● **Exercise instructions**: In the listing below, find every line with the string "Court" and pull it out.

● **Records for processing**:
= = = =
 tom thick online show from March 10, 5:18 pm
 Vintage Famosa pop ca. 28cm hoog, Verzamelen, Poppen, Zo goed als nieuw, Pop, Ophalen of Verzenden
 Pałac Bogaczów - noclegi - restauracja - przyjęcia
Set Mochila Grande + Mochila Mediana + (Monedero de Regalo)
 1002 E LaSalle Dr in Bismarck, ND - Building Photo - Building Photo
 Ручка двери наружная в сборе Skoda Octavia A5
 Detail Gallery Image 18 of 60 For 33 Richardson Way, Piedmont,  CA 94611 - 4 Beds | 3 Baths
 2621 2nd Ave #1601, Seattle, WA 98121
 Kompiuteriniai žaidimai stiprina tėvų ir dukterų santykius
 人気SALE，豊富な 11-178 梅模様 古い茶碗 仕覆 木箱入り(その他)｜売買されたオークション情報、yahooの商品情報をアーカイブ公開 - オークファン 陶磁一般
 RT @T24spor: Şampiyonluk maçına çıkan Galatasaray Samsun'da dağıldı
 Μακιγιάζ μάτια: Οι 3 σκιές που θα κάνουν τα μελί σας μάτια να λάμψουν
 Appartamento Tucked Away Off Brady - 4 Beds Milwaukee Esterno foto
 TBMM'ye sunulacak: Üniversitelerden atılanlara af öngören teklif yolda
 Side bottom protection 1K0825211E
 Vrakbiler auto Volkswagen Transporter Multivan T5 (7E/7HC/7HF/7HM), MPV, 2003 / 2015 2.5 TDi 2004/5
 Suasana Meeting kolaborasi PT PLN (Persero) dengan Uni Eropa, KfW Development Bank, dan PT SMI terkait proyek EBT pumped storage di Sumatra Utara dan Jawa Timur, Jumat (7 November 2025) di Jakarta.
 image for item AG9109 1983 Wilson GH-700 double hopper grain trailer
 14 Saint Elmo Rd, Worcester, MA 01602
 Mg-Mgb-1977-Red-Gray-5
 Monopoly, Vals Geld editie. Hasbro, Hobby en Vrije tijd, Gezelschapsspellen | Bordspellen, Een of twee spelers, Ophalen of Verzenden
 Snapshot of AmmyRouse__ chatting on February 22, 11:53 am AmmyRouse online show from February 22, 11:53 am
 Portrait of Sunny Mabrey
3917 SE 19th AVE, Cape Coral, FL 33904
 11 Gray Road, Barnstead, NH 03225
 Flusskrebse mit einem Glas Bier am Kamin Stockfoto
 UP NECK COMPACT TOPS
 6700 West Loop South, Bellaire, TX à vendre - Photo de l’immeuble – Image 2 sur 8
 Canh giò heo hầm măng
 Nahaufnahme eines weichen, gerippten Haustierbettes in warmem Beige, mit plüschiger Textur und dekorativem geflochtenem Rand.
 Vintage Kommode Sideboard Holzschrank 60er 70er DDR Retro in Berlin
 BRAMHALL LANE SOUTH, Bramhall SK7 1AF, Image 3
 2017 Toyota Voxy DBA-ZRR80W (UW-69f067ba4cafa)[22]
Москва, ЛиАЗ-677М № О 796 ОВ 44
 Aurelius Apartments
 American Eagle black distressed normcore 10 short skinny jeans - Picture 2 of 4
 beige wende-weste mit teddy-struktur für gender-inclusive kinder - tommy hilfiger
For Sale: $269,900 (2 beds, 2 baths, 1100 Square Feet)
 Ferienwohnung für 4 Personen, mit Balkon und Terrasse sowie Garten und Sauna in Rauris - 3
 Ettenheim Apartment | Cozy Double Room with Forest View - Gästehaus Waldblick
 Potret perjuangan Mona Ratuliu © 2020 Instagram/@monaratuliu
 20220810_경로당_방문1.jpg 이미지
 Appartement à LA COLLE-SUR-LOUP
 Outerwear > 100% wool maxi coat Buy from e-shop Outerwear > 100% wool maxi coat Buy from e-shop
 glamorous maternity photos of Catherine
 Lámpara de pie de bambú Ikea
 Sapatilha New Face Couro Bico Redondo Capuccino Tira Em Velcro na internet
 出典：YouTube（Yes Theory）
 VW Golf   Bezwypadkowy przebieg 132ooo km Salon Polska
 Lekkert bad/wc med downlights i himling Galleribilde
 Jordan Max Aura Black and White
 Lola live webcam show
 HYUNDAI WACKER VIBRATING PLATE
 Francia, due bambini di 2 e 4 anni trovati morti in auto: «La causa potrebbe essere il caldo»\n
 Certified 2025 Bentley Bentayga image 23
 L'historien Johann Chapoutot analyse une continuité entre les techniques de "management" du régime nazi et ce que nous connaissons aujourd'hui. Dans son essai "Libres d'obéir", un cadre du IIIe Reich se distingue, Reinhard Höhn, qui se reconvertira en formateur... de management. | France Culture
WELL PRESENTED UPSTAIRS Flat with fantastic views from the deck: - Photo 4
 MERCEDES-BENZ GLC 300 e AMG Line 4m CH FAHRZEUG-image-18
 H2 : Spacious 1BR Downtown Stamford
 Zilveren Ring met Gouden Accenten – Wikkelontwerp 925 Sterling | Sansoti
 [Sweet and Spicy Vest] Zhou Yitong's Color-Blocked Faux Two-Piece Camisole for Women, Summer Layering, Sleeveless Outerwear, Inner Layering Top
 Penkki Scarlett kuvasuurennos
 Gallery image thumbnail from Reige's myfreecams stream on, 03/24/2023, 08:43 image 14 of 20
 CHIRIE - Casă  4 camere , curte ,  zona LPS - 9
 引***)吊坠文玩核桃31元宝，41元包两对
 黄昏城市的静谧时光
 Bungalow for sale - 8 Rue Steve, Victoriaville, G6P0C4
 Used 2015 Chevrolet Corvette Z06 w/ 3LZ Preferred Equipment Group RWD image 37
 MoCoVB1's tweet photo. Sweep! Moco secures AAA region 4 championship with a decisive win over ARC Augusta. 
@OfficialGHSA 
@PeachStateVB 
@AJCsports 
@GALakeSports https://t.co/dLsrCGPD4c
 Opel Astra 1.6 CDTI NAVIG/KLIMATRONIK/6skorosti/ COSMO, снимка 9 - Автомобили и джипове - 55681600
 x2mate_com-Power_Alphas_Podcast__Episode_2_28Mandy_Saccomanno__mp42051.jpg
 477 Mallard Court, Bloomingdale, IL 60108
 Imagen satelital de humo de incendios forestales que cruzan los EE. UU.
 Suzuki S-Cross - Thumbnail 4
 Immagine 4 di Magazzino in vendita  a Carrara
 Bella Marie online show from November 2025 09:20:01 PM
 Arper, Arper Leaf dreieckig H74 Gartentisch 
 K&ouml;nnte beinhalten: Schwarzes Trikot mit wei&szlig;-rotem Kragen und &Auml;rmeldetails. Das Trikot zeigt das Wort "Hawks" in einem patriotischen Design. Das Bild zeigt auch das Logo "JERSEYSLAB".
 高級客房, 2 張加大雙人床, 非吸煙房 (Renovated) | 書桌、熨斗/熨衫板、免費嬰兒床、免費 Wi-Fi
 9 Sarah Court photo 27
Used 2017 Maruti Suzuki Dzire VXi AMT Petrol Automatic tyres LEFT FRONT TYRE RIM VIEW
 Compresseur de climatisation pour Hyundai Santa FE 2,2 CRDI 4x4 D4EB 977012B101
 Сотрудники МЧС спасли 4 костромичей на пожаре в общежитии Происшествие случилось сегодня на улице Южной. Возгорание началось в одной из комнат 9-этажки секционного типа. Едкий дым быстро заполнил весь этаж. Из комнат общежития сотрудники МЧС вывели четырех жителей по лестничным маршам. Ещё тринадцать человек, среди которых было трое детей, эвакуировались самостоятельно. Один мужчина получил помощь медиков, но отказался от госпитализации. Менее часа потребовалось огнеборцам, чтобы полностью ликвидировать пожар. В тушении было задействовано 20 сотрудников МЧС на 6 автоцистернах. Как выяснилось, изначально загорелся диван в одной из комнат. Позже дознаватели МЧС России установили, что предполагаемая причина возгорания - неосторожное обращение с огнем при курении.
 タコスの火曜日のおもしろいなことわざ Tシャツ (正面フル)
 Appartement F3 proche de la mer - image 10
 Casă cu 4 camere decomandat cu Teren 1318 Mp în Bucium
= = = =
● **Written response**:
 477 Mallard Court, Bloomingdale, IL 60108
 9 Sarah Court photo 27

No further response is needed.